Video: 'The World At War 1973(World War II Documentary)Episode 21-Nemesis:Germany(February-May 1945)' (Apr. 21, 1945, at 28:15)
(Saturday, April 21, 1945; during the Battle of Berlin on the Eastern Front during World War II) — Soviet tanks thundered into the northeastern suburbs of Berlin today, breaching the Nazi capital’s final outer defenses in a meticulously planned offensive aimed at delivering the death blow to Adolf Hitler’s Third Reich.
In the early hours, troops of Marshal Georgy Zhukov’s 1st Belorussian Front advanced into the outer ring of Berlin’s suburbs, reaching districts such as Weissensee and Hohenschönhausen.
The Red Army’s breakthrough was marked by a rousing order of the day from Soviet High Command: “Our soldiers have broken into Berlin.” The words reverberated not just across the Soviet Union, but around the world.

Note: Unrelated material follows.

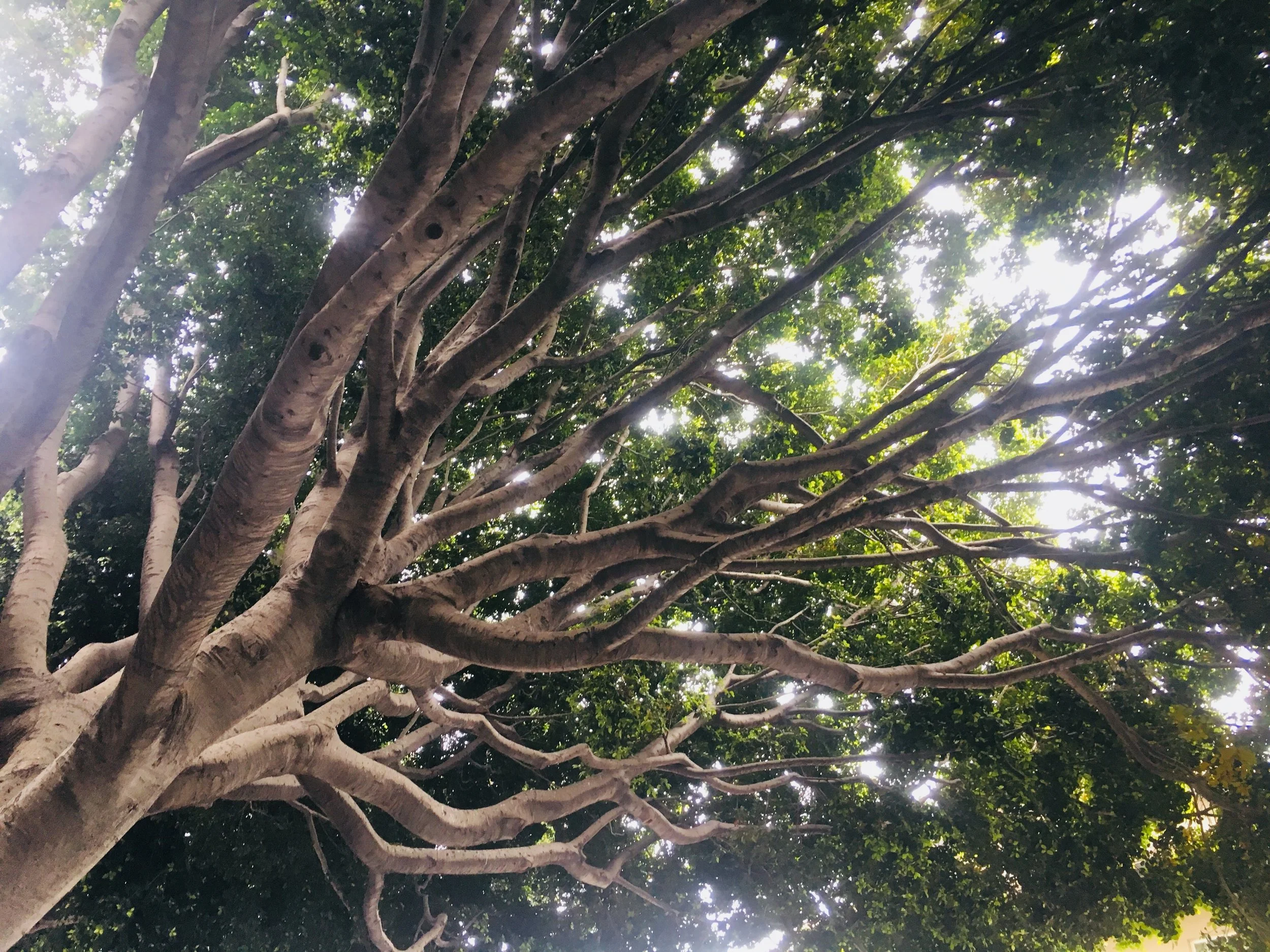 Tree reaching.jpg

Far from a reckless charge, the Red Army’s operation unfolded according to a precise battle plan. Using scale models of Berlin’s streets and buildings, Soviet commanders had rehearsed their tactics in advance. Behind the apparent chaos of street-by-street combat lay a well-orchestrated strategy to encircle the city and drive straight toward its symbolic and strategic center.
Some of these soldiers had crossed the vast breadth of Russia, through cities and villages burned, looted, and destroyed by retreating German forces. Now, they stood at the gates of Berlin, determined to avenge the suffering of their homeland.
Inside Berlin, fear gripped a weary population. With nowhere to run, civilians huddled in basement shelters as Soviet shells rained down. Even children had not been evacuated. Entire families lived underground, listening to the relentless pounding above, unsure of what to expect from the approaching Red Army.
“I went into the cellars,” reported one eyewitness, “and remember most of all the repetition of this phrase: ‘When will this nightmare end?’”
Hitler remains in his heavily fortified Führerbunker beneath the Reich Chancellery, according to Allied intelligence, while Nazi leaders issue desperate orders to exhausted troops and untrained Volkssturm units, many of them teenagers and old men.
As Soviet artillery pounded central Berlin, lighting up the skyline, and Red Army infantry tightened the noose block by block, one thing grew unmistakably clear: the end of the war in Europe is fast approaching.